◆ **Activity**
In the records below, the line containing "いっぺい99's cooksnap of" marks the start. Copy that line and everything after it exactly, through the last line.

◆ **Records for the task**
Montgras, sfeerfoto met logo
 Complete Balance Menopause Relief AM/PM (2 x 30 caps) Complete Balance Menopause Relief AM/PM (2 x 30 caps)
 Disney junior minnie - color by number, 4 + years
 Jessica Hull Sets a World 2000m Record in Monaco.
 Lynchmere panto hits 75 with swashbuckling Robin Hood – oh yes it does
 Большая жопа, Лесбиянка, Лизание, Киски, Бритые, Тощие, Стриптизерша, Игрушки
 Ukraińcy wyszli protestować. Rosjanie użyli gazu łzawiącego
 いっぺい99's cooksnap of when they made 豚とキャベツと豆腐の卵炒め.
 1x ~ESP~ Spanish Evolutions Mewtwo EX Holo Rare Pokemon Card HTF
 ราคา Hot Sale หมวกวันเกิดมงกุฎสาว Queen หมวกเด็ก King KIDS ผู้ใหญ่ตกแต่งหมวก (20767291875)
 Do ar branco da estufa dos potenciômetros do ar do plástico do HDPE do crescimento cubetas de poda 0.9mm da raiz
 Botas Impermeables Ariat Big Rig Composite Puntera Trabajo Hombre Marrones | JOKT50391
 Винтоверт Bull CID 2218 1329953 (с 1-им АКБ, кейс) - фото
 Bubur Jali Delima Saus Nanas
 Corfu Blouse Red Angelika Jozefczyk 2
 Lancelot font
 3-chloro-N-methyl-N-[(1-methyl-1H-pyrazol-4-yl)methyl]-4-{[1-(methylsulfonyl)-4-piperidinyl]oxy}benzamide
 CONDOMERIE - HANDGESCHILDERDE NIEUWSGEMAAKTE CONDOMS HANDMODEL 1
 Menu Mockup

◆ **Output**
 いっぺい99's cooksnap of when they made 豚とキャベツと豆腐の卵炒め.
 1x ~ESP~ Spanish Evolutions Mewtwo EX Holo Rare Pokemon Card HTF
 ราคา Hot Sale หมวกวันเกิดมงกุฎสาว Queen หมวกเด็ก King KIDS ผู้ใหญ่ตกแต่งหมวก (20767291875)
 Do ar branco da estufa dos potenciômetros do ar do plástico do HDPE do crescimento cubetas de poda 0.9mm da raiz
 Botas Impermeables Ariat Big Rig Composite Puntera Trabajo Hombre Marrones | JOKT50391
 Винтоверт Bull CID 2218 1329953 (с 1-им АКБ, кейс) - фото
 Bubur Jali Delima Saus Nanas
 Corfu Blouse Red Angelika Jozefczyk 2
 Lancelot font
 3-chloro-N-methyl-N-[(1-methyl-1H-pyrazol-4-yl)methyl]-4-{[1-(methylsulfonyl)-4-piperidinyl]oxy}benzamide
 CONDOMERIE - HANDGESCHILDERDE NIEUWSGEMAAKTE CONDOMS HANDMODEL 1
 Menu Mockup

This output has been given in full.